The hollow projectiles, filled with inflammable material or powder, appeared afterwards. And, in 1803, the English officer Shrapnel invented the shell bearing his name, whose explosion in the middle of its flight dispersed a rain of lead balls on the uncovered enemies.

Another evolution concerned the propelling charge.. In the past, it used to be poured in the tube of the gun by the muzzle, then compacted before the introduction of the ball. The gunpowder was conditioned inside of cloth bags ("cartridge-bags") or in brass or copper casings. In these last types, a primer with mercury fulminate was sealed at the base of the casing, struck (or electrically fired) by the gun's fire setting mechanism, mounted on the breech. The charges that were not not conditioned in casings required the use of a friction, percussion or electric quick-match, passing through the breech mechanism.

All the propelling charges of 1914 used cordite or smokeless powder, more recommended for the furtivity of the batteries. Certain propelling mixtures, flammable with more difficulty (e.g. powder 'B'), required a charge relay (e.g. blasting powder) put on fire by the primer.

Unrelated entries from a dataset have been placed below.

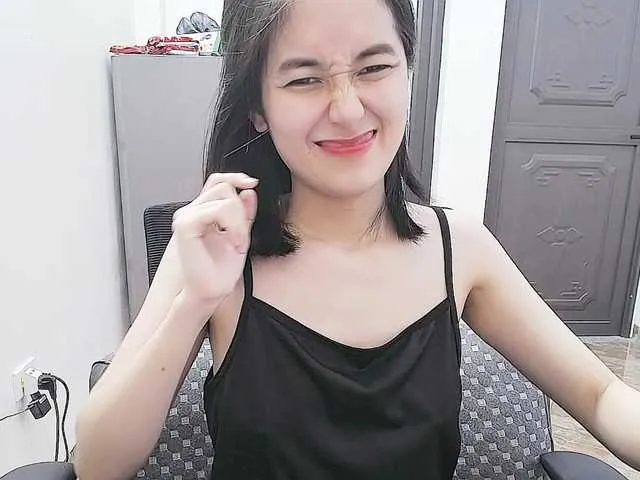 Emma_Lunny – webcam model profile photo Image 3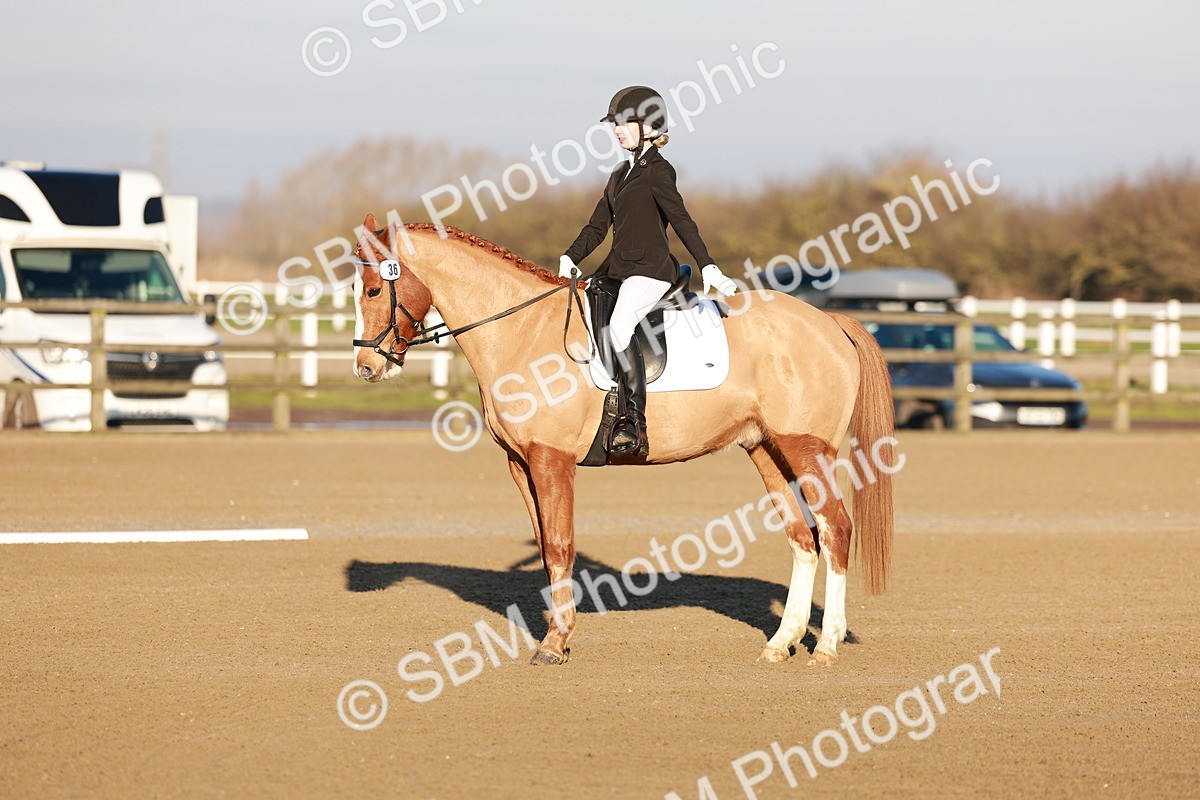 0B8A0540 - Class 2 - Intro 2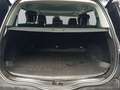 Renault Espace Intens Blue dCi 160 EDC Grau - thumbnail 25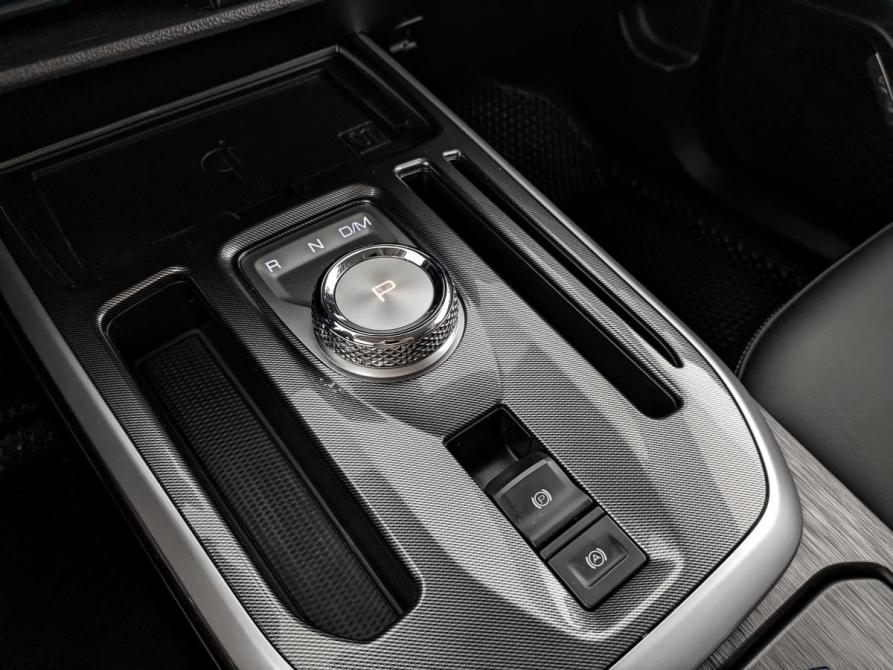 Haval Jolion I Москва  - изображение 20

Several techniques existed for the assembly of the shell and the propelling load :

• fixed : the shell is sealed onto the soft metal casing (brass, and sometimes iron, aluminium...) which contains an invariable load of propelling mixture, and the whole piece is handled in only one part, allowing high fire rates.









• semi-fixed : the shell and the casing are transported separately, but are assembled at the time of the shooting. The capacity of propelling charge of the casing can thus be decreased before the shooting accordingly to calculations of the battery officer, which can be useful for the indirect curved trajectories of the mortars and howitzers.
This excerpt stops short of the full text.